Fighting Mold Illness Is a Game Of Chutes and Ladders. Currently, I’m at the End of a Long Chute.

The treatment path for mold illness follows three broad, consecutive steps:

  1. Ensure you are living and working in a mold-safe environment.
  2. Take medication to bind excess mold and remove it from your body (generally, you end up with mold illness because your body is not good at doing this without medical assistance).
  3. Complete a six month course of medication called VIP that is supposed to repair all the lingering damage caused by mold illness.

Sounds straightforward, right?

Wrong.

First, keeping your home mold safe requires constant vigilance. In our case, we have mold killing UV lights in the HVAC vents, we use highest quality HEPA air filters and change them religiously every 60 days, and we have air purifiers in every room. Additionally, my husband and I are constantly on the lookout for any signs of water damage or intrusion either internally or externally.

I swear, as a result, we have about the cleanest air in a five state radius. But getting here took months of work and diligence, and I could not move on to step 2 above until this was complete.

Step 2 can go on for months, depending on how well you tolerate the mold binding medication. I didn’t, so I spent well over a year working on step 2 before getting to step 3 late last year.

I was rolling along with step 3, until I had a few accidental mold exposures while traveling.

And that’s where the dreaded long chute comes in. You see, if you have a mold exposure during step 3, you need to stop that step and go back to step 2 without passing go. And you cannot return to step 3 until you have successfully completed step 2.

It’s almost October, and I have been working on step 2 since March.

Long chute.

I would like to pause here and acknowledge I am aware I’m speaking in highly non-medical terms. If I had regaled you with the actual terminology and details of each step, you would have stopped reading long ago. Trust me, you are better off with the topline descriptions.

Plus, that’s not the point of this post. I tend to shy away about sharing exact details of my treatments and medications because each person is different, and what’s right for me might not be right for you.

As always, I’m more interested in writing about the emotional impact of living with chronic illness. One step up, two steps back has been my reality for many, many years, and learning to live life in a way that rarely resembles a straight line is an acquired skill.

Along those lines, do you want to know my reaction when my doctor informed me my mold markers were up and I needed to head down the chute step 2? I basically shrugged. Honestly, I think he was more upset than I was. Now, do not for a second mistake that as me being super chill. I’m not. But I’ve also been in this movie for a long time, and I know setbacks are built into the plot. In fact, they happen so often, I wouldn’t even call them plot twists. They are simply part of the narrative.

So, after spending the better part of two years clawing myself up to the step that would take me to the finish line, I will be spending an indeterminate amount of time trying to get back to the same place. It’s already been about six months, and recent lab work says I’m not there yet.
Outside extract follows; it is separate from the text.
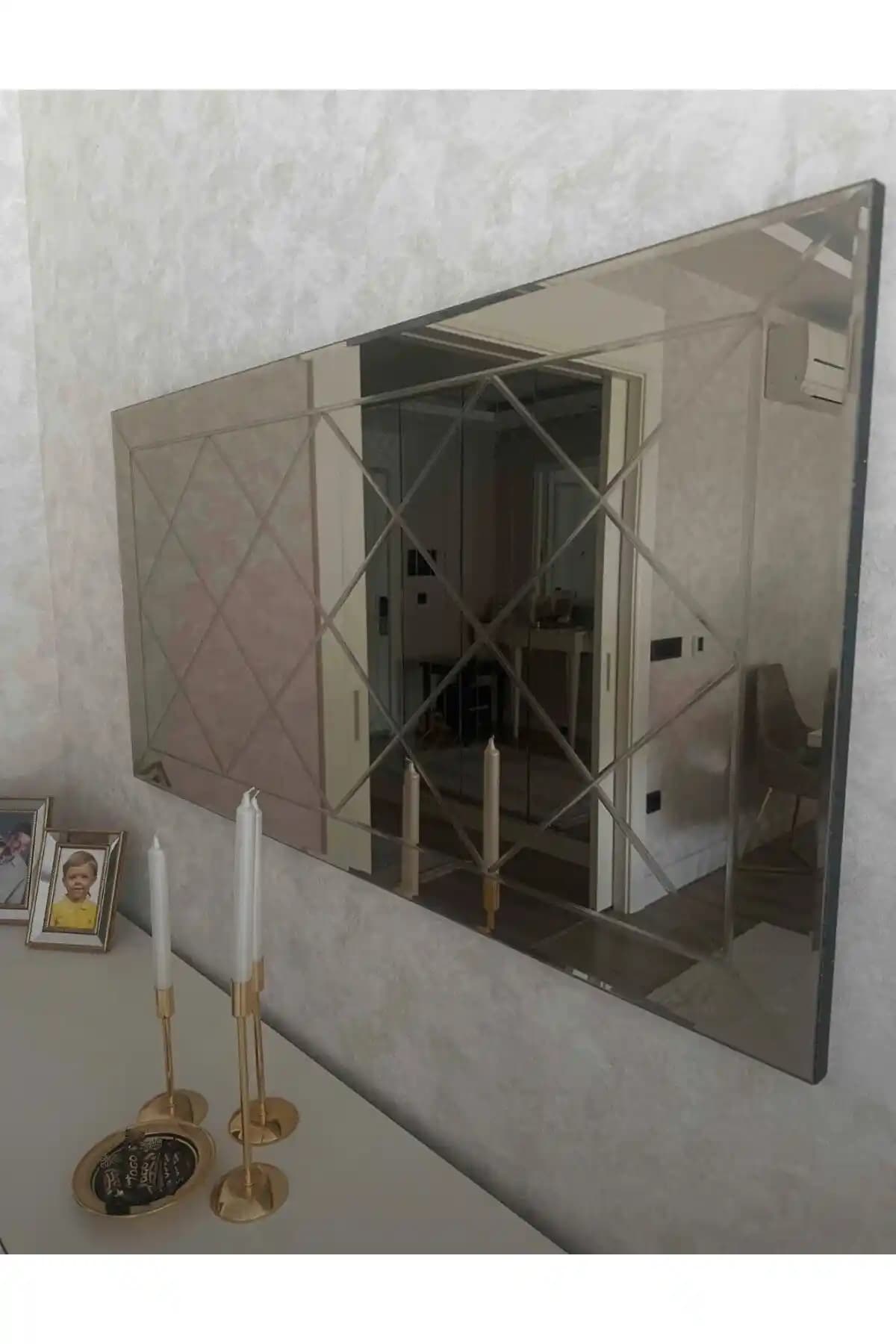 Salon Dekorasyonunda Şıklık ve Fonksiyonellik İçin Konsol Aynası Seçimi Rehberi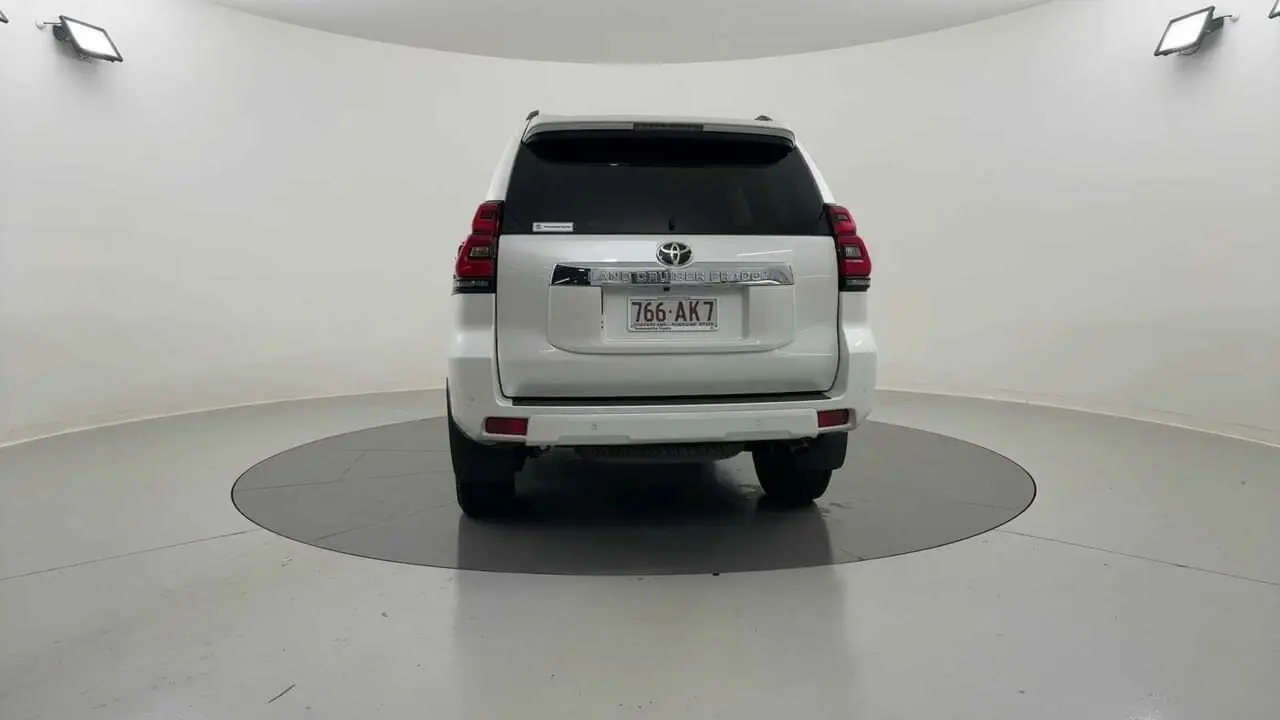 2020 Toyota Landcruiser Prado Gallery Image 5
Is that discouraging? Of course. But what are my options? I can sit around complaining and feeling sorry for myself, or I can stay the course, and do the things I need to do. And I can do more. I can continue trying to live my life with as much joy and fulfillment as my health will allow on any given day. On good days I can volunteer. I can write. I can laugh with a friend or make a dinner with love for my husband. On bad days I can give gratitude I have the ability to rest when I need to.
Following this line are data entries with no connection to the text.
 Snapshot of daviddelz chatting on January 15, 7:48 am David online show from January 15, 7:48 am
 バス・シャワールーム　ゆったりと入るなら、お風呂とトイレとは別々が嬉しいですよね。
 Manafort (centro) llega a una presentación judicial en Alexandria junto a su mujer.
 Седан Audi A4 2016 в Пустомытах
Keeping this perspective is not easy. In fact, you could say it’s a skill I work on developing every day. When I’m not feeling well my automatic response is to get frustrated. Then I take a step back and check myself. I think about my problems relative to the world’s problems. I think about the people dealing with things far worse than what I’m dealing with. Even on my very worst days, I know there is somebody else having an even worse day. So, how can I possibly feel sorry for myself? When I’m able to get that perspective, my health problems don’t feel as consequential. I don’t feel as burdened. And I’m more able to see possibility.
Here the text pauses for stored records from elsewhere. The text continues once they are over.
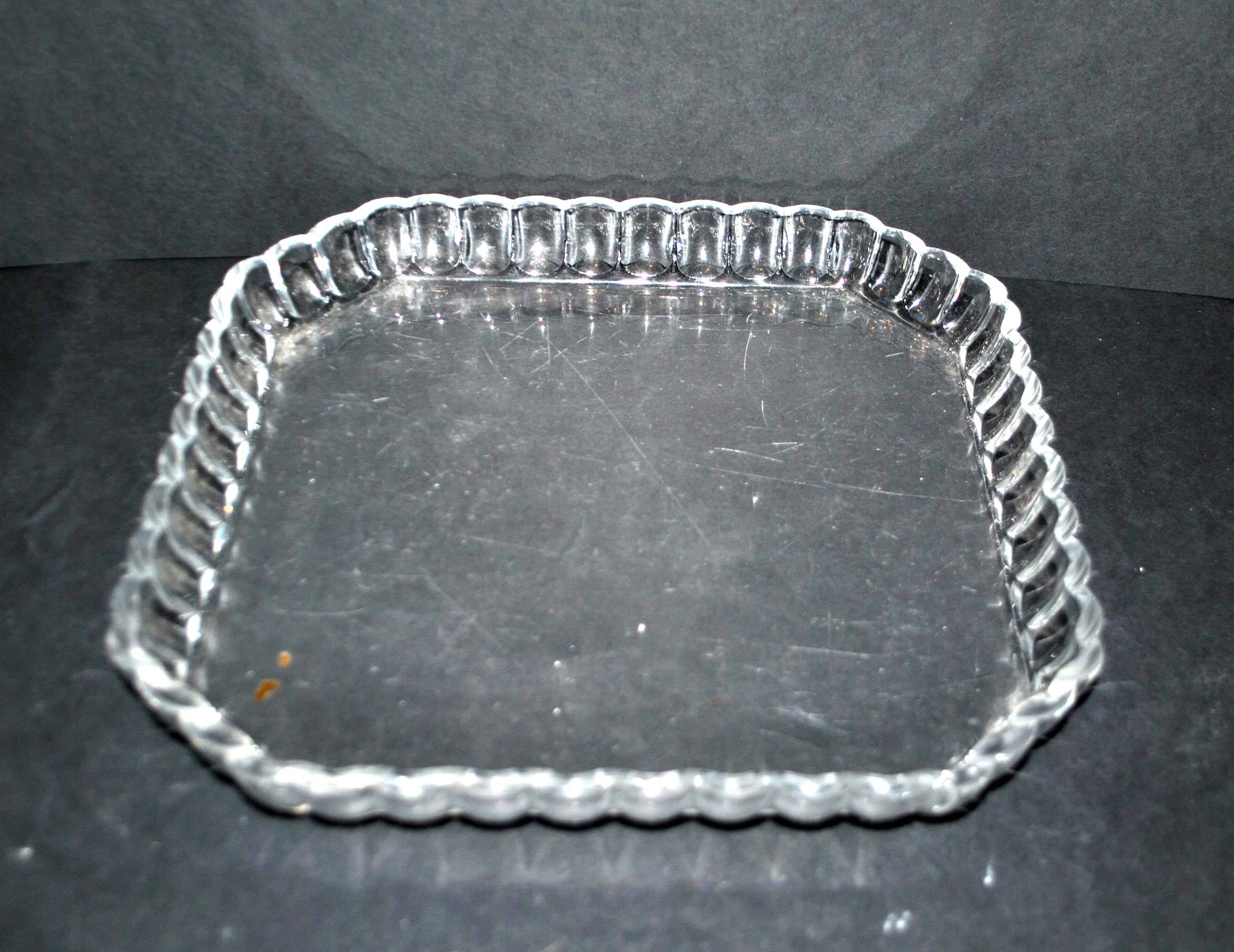 Old square tray in molded glass - liquor or fruit service 21.5cm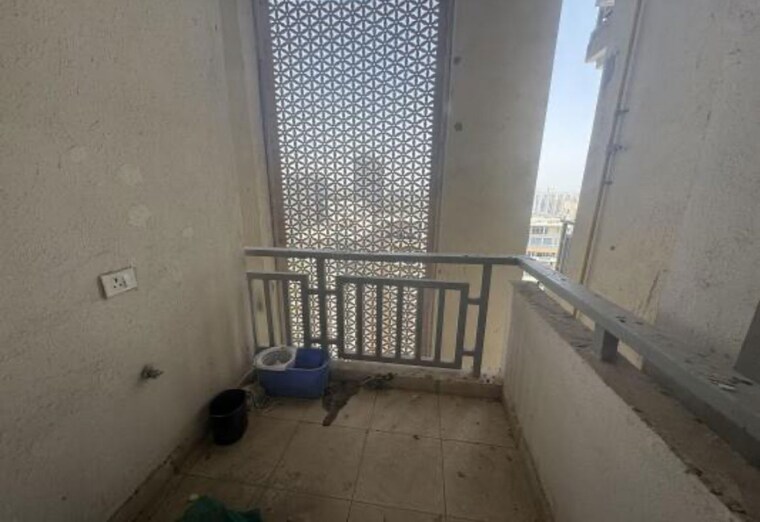 Balcony, ss-the-leaf 3 Bedroom 2408 Sq.Ft. Apartment In Sector 85 Gurgaon 10657403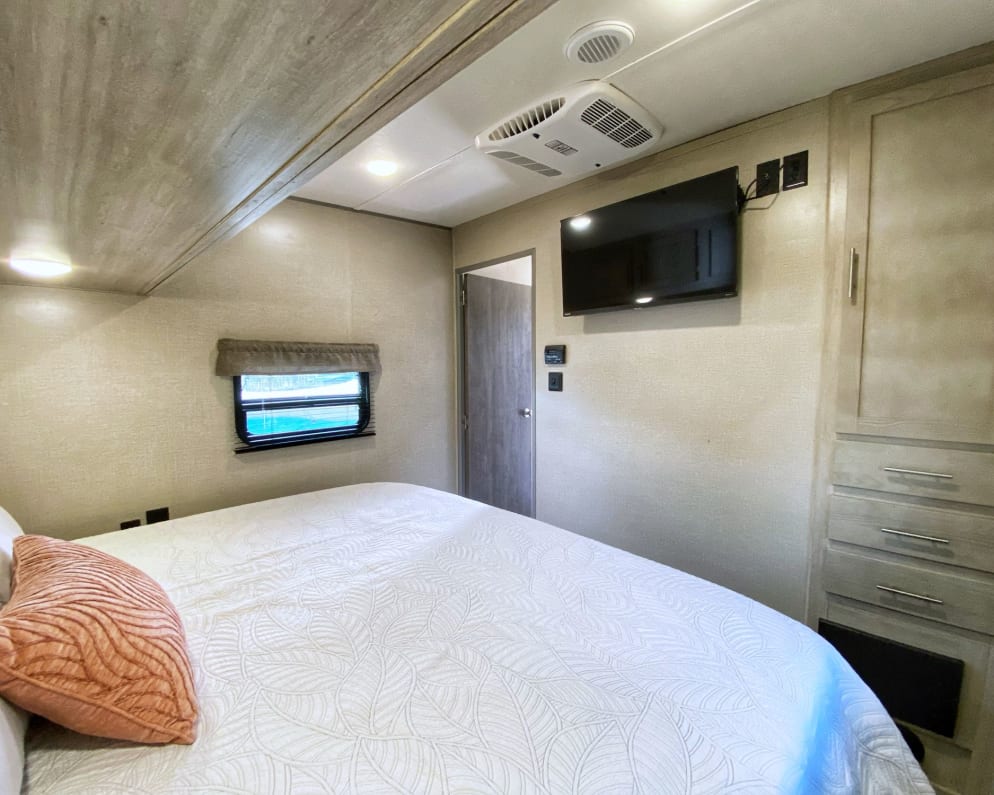 2022 Coachmen Catalina Toy Hauler for rent in Hilliard Florida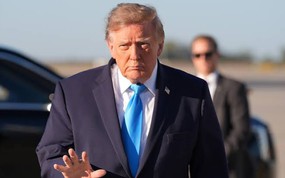 Tổng thống Trump nêu lý do Mỹ rút phi đội B-1 khỏi Anh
Don’t get me wrong. Some days I want to put a steak knife in my eye and say f’ this. But really, what would that get me? Maybe a moment’s satisfaction, but no real peace. Yes, I’ve been at this a long time and I’m not where I want to be. Yes, I’m having a setback. But I’ve been here before and I know setbacks are only temporary. What’s lasting are the coping skills this (and all my setbacks) help me develop. And let’s face it. You don’t have to be in a health situation to find yourself at the bottom of one of life’s chutes. Setbacks are everywhere, so I count myself lucky I’ve learned how to face them.